The inventory repurchase agreements mostly range from one to two years. Customer guarantees range from one to five
years and were primarily provided to facilitate financing for certain customers. The majority of our other customer
guarantees are secured by certain assets of the customer. At March 31, 2009, the maximum amounts of inventory
repurchase guarantees and other customer guarantees were $102 million and $10 million. We consider it unlikely that we
would make significant payments under these guarantees and accordingly, no amounts had been accrued at March 31, 2009.
Refer to Financial Note 17, “Financial Guarantees and Warranties,” for further information.
(6) Represents minimum rental payments and the related future interest payments for operating leases.
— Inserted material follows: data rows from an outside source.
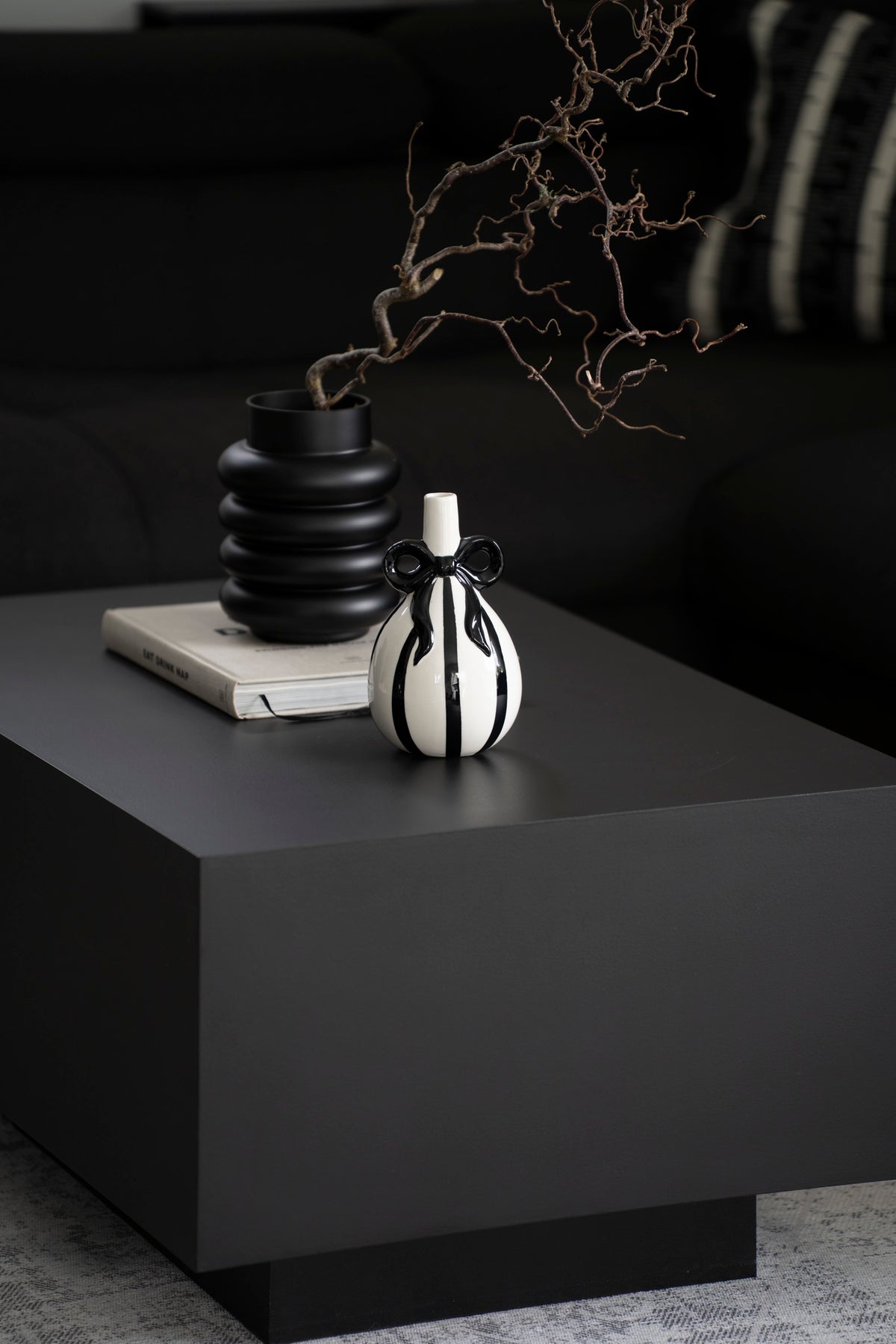 Keramikvase mit Schleifen- und Streifendesign, Schwarz-Weiß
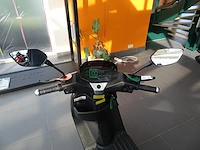 Elektrische scooter sunra - afbeelding 7 van  13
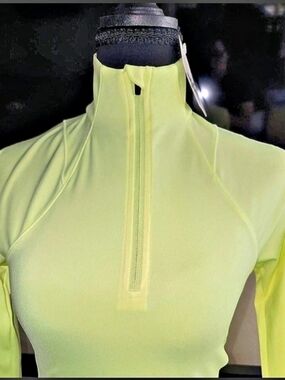 Dick's Sporting Goods Activate 1/4 Zip Women's Yellow Quarter-Zip NWT Size XXS
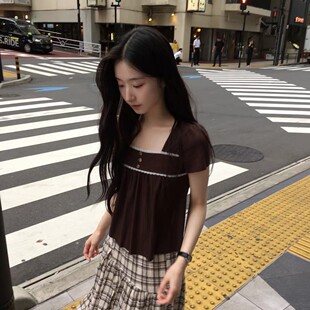 韩国东大门代购复古深棕方领娃娃衫女 肌理感蕾丝花边泡泡袖衬衫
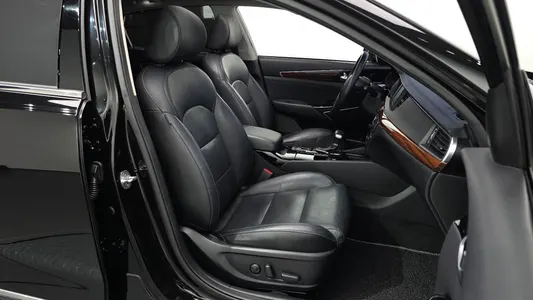Kia K7 3.0 LPI () 2017 11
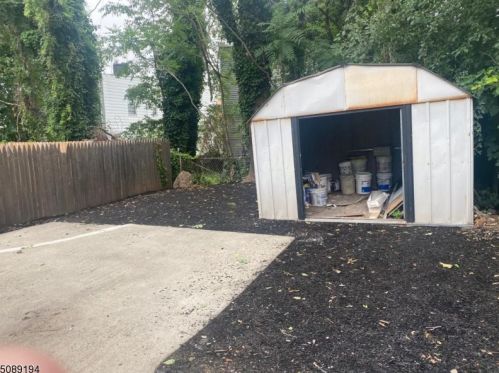 18 Grove Ter, Irvington NJ  07111-3820 exterior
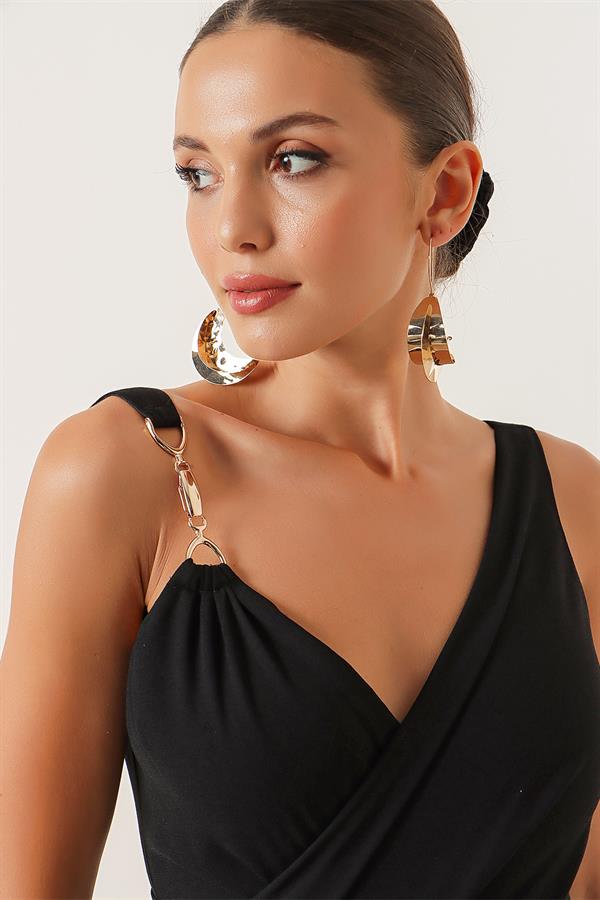 Combinaison asymétrique en crêpe avec accessoires métalliques et col cache-cœur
See Financial Note 16,
“Lease Obligations,” for further information.
At March 31, 2009, the liability recorded for uncertain tax positions, excluding associated interest and penalties,
was approximately $526 million pursuant to FIN No. 48, “Accounting for Uncertainty in Income Taxes.” This
liability represents an estimate of tax positions that the Company has taken in its tax returns which may ultimately
not be sustained upon examination by the tax authorities. Since the ultimate amount and timing of any future cash
settlements cannot be predicted with reasonable certainty, the estimated FIN No. 48 liability has been excluded from
the contractual obligations table.
In addition, our banks and insurance companies have issued $115 million of standby letters of credit and surety
bonds on our behalf mostly in order to meet the security requirements for statutory licenses and permits, court and
fiduciary obligations and our workers’ compensation and automotive liability programs.
Credit Resources:
We fund our working capital requirements primarily with cash and cash equivalents, our accounts receivable
sales facility, short-term borrowings under the revolving credit facility and commercial paper.